Growler dispensaries have popped up everywhere in Eugene. Growler University, Tap and Growler, The Filling Station and The Growler Guys are a few of local growler businesses. What’s new is that Oregon now allows customers to fill their growlers with something other than beer, and that’s wine.
On April 25, Senator Ron Wyden announced that the federal agency who regulates alcohol rescinded an order which prevented the sale of wine in growlers in Oregon.
Also during last spring, the Oregon Legislature unanimously voted to allow the sale of wine growlers.
“This is news that deserves a toast,” Wyden said.
Not everyone feels wine growlers are necessary.
“I don’t think I would buy a wine growler,” said UO art history major Jasmin Zech. “I’m good with regular old wine bottles.”
Previously, wine growlers were prohibited in Oregon because of a requirement under the Federal Alcohol Tobacco Tax and Trade Bureau. The regulation required that the retailers interested in selling wine growlers treat the refillable jugs in the same way they would with large wine bottling operations.
This includes going through the same recordkeeping, labeling and registration that is required of larger wine bottling operations.
Because growlers are refillable containers, the regulations in place allow the larger jugs to go through the same steps as wine bottlers, which contradicts the refillable nature of growlers.
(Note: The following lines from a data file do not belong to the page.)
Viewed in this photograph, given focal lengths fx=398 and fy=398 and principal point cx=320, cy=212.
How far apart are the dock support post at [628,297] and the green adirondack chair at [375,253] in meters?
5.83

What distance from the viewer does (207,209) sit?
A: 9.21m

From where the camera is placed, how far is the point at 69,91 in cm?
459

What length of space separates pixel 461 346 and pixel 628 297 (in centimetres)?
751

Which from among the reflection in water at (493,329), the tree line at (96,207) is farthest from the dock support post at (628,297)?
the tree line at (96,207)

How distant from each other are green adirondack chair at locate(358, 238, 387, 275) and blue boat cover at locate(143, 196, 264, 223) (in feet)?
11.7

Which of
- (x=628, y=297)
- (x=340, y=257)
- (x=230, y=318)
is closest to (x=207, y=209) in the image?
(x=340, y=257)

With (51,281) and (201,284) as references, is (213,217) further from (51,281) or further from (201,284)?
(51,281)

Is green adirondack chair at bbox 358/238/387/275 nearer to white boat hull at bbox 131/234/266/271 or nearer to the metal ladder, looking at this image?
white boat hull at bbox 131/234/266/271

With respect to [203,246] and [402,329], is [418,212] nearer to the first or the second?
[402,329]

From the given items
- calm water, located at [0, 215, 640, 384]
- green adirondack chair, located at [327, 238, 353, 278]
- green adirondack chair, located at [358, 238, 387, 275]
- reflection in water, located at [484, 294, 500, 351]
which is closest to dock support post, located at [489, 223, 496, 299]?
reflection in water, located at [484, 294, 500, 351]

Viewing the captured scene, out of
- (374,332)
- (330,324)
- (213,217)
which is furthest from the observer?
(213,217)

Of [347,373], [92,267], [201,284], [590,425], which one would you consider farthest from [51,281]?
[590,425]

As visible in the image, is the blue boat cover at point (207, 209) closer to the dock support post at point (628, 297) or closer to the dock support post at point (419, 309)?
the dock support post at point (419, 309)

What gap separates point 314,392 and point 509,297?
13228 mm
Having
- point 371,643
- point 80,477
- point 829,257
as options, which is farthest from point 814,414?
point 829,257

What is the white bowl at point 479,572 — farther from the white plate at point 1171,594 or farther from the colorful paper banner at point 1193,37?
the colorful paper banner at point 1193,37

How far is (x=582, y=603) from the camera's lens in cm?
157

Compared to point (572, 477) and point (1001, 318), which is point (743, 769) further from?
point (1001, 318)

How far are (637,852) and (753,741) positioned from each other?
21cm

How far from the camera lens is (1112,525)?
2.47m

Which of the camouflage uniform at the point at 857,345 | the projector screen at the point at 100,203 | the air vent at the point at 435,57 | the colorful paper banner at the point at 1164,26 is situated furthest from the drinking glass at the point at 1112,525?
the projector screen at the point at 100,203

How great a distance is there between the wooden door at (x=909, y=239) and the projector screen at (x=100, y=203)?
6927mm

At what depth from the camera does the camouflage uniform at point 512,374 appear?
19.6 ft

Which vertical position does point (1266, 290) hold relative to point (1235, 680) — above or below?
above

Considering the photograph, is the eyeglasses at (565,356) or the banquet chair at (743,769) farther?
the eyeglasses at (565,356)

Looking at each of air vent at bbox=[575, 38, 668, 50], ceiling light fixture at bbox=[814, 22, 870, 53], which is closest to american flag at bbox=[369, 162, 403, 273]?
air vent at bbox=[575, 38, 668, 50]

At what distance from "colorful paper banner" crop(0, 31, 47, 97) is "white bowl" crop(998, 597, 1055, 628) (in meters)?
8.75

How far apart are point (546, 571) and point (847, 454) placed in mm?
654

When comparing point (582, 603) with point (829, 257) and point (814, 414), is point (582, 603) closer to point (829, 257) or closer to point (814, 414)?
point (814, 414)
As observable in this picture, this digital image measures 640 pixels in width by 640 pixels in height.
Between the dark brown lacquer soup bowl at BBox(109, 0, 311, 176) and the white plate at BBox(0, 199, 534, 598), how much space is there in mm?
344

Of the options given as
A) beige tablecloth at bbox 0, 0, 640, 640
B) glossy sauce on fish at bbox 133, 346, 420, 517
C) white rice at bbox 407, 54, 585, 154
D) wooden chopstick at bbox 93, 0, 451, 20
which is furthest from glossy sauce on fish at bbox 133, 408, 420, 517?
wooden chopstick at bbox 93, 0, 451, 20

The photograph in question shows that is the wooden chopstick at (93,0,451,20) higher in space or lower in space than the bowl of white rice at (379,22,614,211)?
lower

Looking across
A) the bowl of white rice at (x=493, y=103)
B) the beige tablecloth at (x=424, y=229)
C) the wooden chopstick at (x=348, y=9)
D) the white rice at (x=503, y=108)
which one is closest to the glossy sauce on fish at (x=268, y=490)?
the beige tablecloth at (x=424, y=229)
After legislature passed House Bill 2443 to admit the sale of wine growlers, Wyden and other members of the delegation began trying to get the labeling and bottling requirements rescinded due to it’s contradictory nature.
“I saw this issue as an example of a federal agency that is out of touch with the times,” Wyden said. “In a letter to me and other members of the Oregon delegation today, the bureau acknowledged as much by saying that it needed to modernize its regulations regarding the sale of wine growlers.”
In the letter Wyden refers to in the quote above, the Tobacco Tax and Trade Bureau wrote “It is not the TTB’s intention to unduly burden the lawful sale of wine growlers in States such as Oregon, where such sales are permitted.”
The letter goes on to say that the TTB recognizes its regulations that were previously in place were “intended to cover traditional taxpaid wine bottling activities.”
The TTB left room to foster the development of future regulation of the retail sale of wine growlers. Currently, it’s soliciting public comment from consumers and the industry as a whole.
As of now, the Oregon wine industry makes $3 billion every year and provides 13,000 jobs.